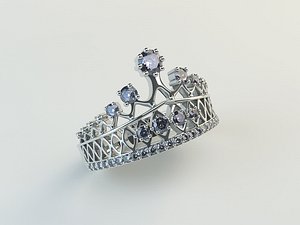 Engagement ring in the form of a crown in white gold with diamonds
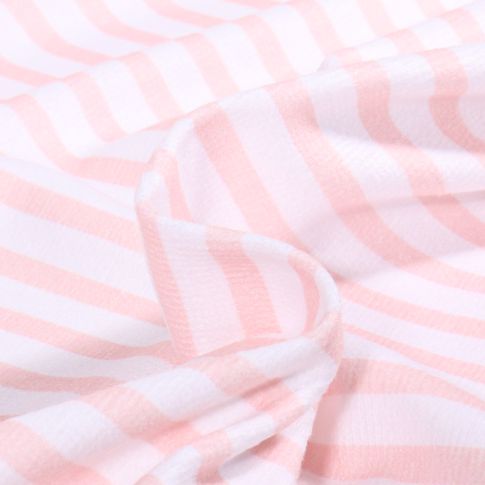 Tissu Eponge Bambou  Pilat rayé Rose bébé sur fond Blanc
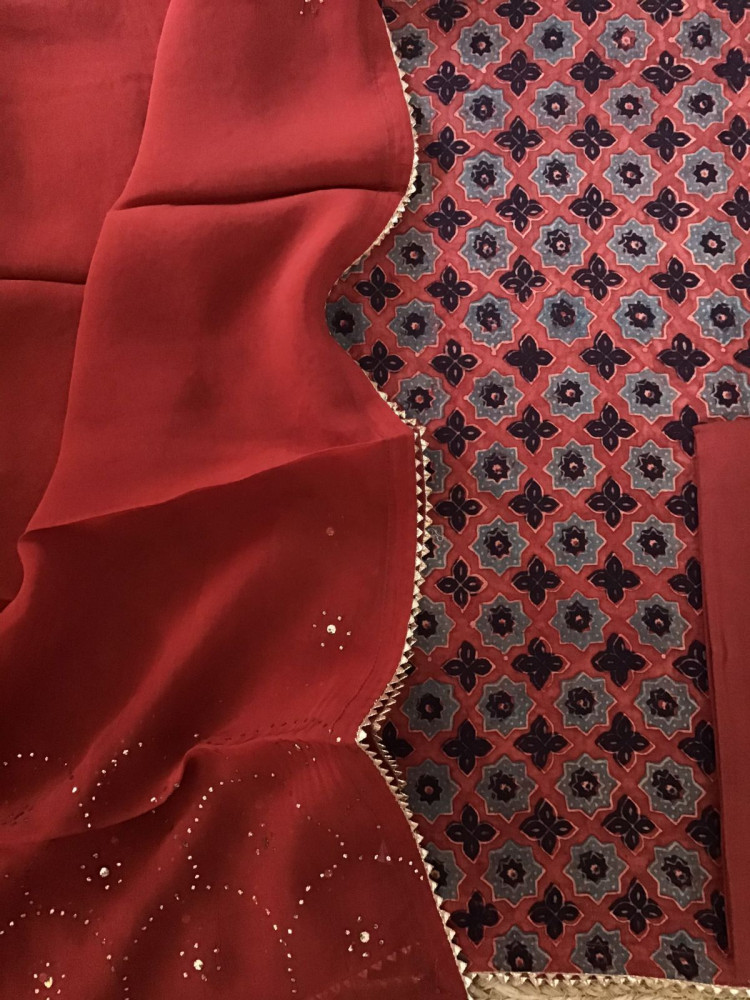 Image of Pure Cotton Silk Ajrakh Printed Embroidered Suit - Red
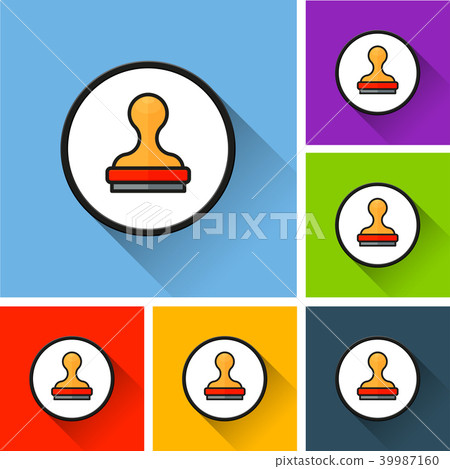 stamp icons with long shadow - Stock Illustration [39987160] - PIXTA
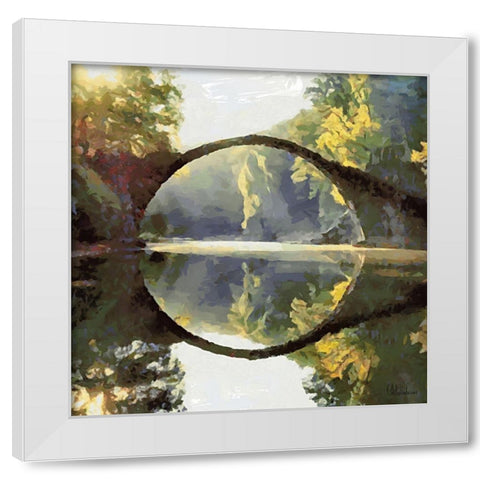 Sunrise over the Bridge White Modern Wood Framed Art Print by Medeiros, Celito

────────

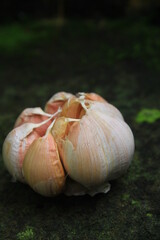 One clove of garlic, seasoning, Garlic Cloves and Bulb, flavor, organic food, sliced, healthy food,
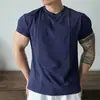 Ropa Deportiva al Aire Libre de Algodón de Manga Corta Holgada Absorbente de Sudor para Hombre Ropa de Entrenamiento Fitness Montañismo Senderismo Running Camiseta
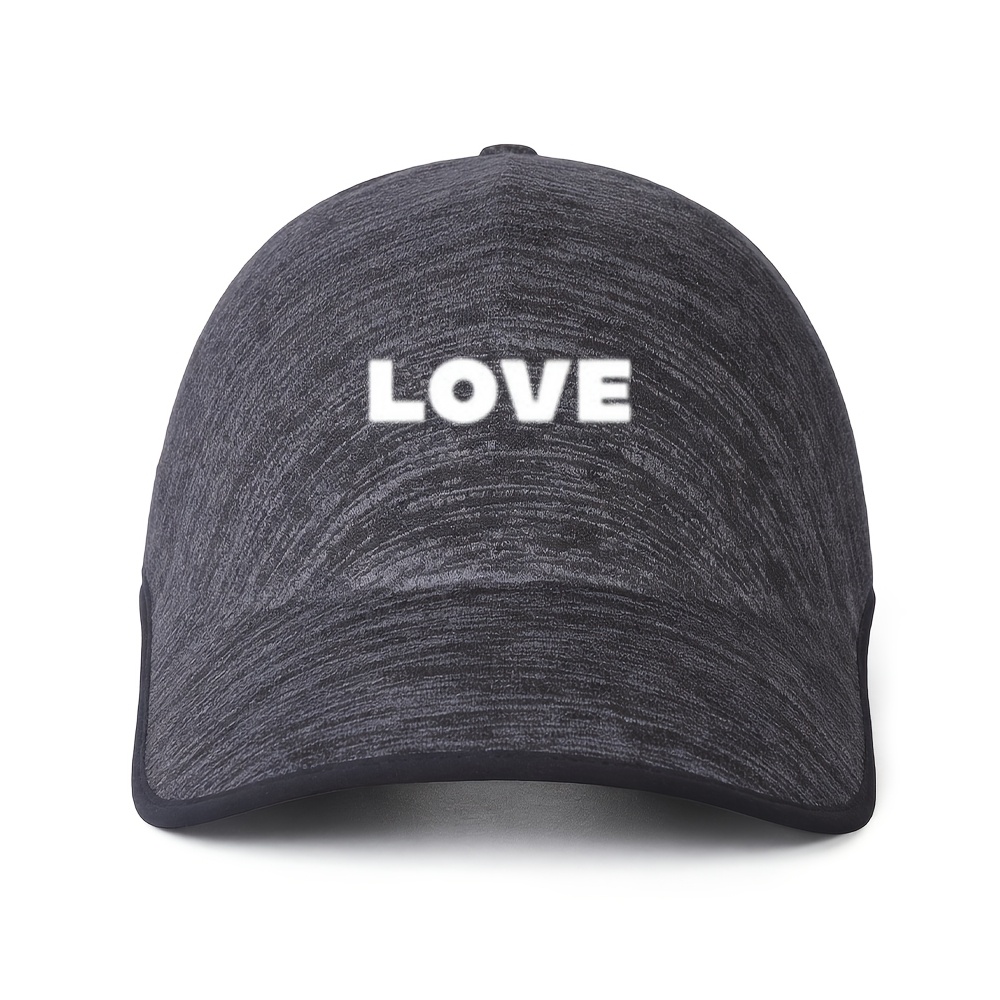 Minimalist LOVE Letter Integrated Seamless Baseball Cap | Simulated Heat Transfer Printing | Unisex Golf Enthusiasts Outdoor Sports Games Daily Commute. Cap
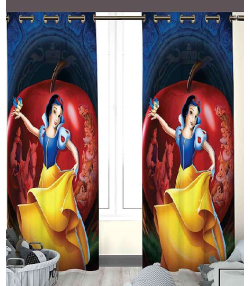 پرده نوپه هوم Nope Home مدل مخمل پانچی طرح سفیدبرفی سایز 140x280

────────

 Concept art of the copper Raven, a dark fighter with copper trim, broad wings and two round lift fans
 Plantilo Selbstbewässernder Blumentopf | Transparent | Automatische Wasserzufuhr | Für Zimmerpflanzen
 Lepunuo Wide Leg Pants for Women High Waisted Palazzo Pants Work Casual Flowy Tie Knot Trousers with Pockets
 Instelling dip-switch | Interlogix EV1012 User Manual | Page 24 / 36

────────

- [PROBLEM DESCRIPTION]:
Within the listing above, copy exactly the lines that start at the one with "Engagement ring in" and continue through the one with "Sunrise over the". Omit pictures.

- [ANSWER TO THIS TASK]:
 Engagement ring in the form of a crown in white gold with diamonds
 Tissu Eponge Bambou  Pilat rayé Rose bébé sur fond Blanc
 Image of Pure Cotton Silk Ajrakh Printed Embroidered Suit - Red
 stamp icons with long shadow - Stock Illustration [39987160] - PIXTA
 Sunrise over the Bridge White Modern Wood Framed Art Print by Medeiros, Celito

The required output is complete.